■ **The problem**:
Look below for the line containing "Yamaha YZF R1"; from there through the line containing "Kowloon: Saroka Chapter 39 Gambar 54", both lines included, please set down each line exactly and nothing else.

Stored dataset items

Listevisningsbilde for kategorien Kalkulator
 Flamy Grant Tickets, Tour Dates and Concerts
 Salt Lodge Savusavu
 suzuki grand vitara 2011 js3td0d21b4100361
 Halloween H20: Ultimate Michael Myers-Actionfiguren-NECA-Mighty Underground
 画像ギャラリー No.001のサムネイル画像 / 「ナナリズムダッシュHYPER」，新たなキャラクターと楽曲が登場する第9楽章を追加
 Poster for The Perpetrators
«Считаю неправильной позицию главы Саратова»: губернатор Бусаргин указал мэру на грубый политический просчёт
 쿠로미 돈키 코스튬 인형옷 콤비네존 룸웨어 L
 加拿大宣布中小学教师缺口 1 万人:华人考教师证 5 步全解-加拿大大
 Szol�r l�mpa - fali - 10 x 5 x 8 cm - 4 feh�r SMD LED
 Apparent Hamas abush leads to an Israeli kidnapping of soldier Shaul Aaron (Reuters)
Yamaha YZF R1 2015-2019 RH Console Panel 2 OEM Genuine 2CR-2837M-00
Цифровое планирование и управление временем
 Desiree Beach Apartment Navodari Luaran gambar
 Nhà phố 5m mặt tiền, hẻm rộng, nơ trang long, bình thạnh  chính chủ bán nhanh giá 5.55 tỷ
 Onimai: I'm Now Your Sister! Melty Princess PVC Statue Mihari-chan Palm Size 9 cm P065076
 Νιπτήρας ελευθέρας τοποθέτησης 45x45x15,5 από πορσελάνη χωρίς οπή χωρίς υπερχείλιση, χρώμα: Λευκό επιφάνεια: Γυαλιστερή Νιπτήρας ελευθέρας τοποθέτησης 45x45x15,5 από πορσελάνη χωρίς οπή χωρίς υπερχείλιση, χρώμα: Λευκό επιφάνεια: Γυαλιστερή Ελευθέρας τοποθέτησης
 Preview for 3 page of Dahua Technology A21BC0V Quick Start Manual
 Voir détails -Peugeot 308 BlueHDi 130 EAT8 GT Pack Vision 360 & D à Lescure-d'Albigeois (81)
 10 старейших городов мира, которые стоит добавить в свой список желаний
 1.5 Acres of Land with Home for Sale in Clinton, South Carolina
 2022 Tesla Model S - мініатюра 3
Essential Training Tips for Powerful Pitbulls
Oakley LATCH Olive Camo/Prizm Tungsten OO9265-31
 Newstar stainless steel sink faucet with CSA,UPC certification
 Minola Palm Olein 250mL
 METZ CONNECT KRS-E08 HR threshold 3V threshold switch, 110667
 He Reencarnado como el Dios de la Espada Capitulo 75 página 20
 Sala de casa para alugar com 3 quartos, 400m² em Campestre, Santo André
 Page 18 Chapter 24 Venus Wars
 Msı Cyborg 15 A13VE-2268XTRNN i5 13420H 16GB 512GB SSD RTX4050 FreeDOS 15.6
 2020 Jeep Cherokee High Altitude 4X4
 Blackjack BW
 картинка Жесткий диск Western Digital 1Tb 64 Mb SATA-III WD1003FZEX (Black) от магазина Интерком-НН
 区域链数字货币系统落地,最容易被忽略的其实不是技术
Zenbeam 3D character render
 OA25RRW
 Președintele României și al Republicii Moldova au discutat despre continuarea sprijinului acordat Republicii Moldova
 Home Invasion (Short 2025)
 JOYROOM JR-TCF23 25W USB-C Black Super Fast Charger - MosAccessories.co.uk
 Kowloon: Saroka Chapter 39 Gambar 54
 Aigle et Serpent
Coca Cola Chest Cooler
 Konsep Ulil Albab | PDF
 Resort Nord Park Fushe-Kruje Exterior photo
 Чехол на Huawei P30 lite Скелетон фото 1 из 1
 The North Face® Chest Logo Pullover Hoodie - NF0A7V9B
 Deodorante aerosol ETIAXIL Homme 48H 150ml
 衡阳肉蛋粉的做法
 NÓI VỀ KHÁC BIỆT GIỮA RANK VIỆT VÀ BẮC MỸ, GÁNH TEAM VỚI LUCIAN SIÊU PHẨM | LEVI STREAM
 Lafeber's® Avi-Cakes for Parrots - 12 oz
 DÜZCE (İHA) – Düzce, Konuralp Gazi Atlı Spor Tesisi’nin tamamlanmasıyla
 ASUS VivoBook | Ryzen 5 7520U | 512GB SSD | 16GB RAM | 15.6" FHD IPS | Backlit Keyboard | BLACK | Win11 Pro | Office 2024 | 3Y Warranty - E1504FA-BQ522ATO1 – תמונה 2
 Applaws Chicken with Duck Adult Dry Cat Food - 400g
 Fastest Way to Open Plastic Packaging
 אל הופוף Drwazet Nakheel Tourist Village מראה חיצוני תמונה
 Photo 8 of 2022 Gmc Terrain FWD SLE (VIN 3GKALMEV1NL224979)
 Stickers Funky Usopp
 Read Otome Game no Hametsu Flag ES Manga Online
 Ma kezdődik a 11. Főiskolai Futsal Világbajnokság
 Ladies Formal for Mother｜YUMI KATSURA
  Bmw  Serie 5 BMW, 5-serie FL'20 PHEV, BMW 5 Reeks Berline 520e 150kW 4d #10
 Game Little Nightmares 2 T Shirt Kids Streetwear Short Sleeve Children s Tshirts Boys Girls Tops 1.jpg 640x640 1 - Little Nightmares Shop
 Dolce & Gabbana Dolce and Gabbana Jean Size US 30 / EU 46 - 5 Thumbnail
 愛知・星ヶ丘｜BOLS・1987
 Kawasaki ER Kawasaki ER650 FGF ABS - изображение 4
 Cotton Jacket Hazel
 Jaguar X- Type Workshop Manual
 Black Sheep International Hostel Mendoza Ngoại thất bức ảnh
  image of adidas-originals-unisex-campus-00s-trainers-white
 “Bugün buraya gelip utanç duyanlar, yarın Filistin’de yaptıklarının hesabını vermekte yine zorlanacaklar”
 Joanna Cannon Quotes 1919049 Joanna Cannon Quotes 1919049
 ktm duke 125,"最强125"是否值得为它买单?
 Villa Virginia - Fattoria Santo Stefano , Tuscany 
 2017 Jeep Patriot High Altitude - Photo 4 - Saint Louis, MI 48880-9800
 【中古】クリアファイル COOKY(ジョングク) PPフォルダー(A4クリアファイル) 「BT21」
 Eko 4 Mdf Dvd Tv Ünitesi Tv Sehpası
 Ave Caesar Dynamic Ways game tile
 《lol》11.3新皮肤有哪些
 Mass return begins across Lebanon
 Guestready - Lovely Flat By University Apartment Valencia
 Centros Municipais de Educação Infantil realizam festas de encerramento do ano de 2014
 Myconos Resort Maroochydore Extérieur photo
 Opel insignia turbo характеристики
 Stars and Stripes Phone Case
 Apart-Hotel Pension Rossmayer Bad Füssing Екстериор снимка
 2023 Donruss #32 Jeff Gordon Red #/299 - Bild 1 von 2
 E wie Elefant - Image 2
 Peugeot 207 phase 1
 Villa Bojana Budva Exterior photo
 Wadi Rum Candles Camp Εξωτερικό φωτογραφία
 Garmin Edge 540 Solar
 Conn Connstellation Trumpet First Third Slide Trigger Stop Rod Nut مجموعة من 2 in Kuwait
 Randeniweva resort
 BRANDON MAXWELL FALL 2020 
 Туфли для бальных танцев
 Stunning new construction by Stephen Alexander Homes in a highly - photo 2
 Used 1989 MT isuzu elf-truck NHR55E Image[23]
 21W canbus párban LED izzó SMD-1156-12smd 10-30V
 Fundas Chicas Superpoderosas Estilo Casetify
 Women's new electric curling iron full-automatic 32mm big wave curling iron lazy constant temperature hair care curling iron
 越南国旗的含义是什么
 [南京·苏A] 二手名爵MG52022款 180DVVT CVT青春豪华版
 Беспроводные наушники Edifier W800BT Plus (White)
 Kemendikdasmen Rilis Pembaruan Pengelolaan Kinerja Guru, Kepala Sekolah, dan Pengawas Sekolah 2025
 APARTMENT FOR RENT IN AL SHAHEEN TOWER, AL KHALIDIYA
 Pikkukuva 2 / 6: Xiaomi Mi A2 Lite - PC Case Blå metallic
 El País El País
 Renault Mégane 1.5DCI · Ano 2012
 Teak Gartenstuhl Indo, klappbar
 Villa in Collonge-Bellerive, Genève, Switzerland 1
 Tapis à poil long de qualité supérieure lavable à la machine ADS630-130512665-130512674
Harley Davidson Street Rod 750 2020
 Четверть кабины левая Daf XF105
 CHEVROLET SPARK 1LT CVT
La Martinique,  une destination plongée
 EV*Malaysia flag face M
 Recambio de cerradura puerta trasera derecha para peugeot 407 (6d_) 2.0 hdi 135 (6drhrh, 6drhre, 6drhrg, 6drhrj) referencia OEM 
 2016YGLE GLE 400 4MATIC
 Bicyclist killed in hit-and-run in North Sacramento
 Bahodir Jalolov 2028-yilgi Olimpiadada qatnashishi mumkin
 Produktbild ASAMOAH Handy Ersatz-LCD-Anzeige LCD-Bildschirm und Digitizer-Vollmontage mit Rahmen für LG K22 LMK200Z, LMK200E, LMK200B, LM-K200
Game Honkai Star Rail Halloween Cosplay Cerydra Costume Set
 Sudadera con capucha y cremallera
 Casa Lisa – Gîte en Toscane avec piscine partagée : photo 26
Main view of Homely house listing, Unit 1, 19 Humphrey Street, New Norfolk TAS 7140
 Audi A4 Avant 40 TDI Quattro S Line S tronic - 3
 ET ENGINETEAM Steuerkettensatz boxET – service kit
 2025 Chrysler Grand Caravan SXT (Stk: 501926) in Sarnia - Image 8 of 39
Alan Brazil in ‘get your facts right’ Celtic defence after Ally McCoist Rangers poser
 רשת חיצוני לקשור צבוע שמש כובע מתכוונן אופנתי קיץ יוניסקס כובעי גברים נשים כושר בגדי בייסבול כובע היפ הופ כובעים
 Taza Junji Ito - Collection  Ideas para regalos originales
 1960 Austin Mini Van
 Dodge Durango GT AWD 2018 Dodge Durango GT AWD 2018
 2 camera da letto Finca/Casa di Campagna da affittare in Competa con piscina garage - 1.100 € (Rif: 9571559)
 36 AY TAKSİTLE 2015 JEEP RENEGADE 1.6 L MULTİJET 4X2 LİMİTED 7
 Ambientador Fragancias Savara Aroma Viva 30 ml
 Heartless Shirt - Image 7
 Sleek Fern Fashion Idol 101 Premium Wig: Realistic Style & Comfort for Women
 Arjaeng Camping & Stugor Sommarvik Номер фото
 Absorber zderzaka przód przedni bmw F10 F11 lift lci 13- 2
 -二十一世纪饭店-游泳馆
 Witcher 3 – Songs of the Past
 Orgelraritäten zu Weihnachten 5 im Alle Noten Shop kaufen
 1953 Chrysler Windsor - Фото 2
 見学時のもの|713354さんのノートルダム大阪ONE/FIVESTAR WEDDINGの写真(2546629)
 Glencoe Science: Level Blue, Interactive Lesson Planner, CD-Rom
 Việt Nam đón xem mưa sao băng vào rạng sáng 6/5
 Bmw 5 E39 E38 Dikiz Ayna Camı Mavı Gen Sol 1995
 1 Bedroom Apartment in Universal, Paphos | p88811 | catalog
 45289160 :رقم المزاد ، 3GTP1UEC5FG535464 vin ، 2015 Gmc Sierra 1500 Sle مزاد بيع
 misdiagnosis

■ **Answer box**:
Yamaha YZF R1 2015-2019 RH Console Panel 2 OEM Genuine 2CR-2837M-00
Цифровое планирование и управление временем
 Desiree Beach Apartment Navodari Luaran gambar
 Nhà phố 5m mặt tiền, hẻm rộng, nơ trang long, bình thạnh  chính chủ bán nhanh giá 5.55 tỷ
 Onimai: I'm Now Your Sister! Melty Princess PVC Statue Mihari-chan Palm Size 9 cm P065076
 Νιπτήρας ελευθέρας τοποθέτησης 45x45x15,5 από πορσελάνη χωρίς οπή χωρίς υπερχείλιση, χρώμα: Λευκό επιφάνεια: Γυαλιστερή Νιπτήρας ελευθέρας τοποθέτησης 45x45x15,5 από πορσελάνη χωρίς οπή χωρίς υπερχείλιση, χρώμα: Λευκό επιφάνεια: Γυαλιστερή Ελευθέρας τοποθέτησης
 Preview for 3 page of Dahua Technology A21BC0V Quick Start Manual
 Voir détails -Peugeot 308 BlueHDi 130 EAT8 GT Pack Vision 360 & D à Lescure-d'Albigeois (81)
 10 старейших городов мира, которые стоит добавить в свой список желаний
 1.5 Acres of Land with Home for Sale in Clinton, South Carolina
 2022 Tesla Model S - мініатюра 3
Essential Training Tips for Powerful Pitbulls
Oakley LATCH Olive Camo/Prizm Tungsten OO9265-31
 Newstar stainless steel sink faucet with CSA,UPC certification
 Minola Palm Olein 250mL
 METZ CONNECT KRS-E08 HR threshold 3V threshold switch, 110667
 He Reencarnado como el Dios de la Espada Capitulo 75 página 20
 Sala de casa para alugar com 3 quartos, 400m² em Campestre, Santo André
 Page 18 Chapter 24 Venus Wars
 Msı Cyborg 15 A13VE-2268XTRNN i5 13420H 16GB 512GB SSD RTX4050 FreeDOS 15.6
 2020 Jeep Cherokee High Altitude 4X4
 Blackjack BW
 картинка Жесткий диск Western Digital 1Tb 64 Mb SATA-III WD1003FZEX (Black) от магазина Интерком-НН
 区域链数字货币系统落地,最容易被忽略的其实不是技术
Zenbeam 3D character render
 OA25RRW
 Președintele României și al Republicii Moldova au discutat despre continuarea sprijinului acordat Republicii Moldova
 Home Invasion (Short 2025)
 JOYROOM JR-TCF23 25W USB-C Black Super Fast Charger - MosAccessories.co.uk
 Kowloon: Saroka Chapter 39 Gambar 54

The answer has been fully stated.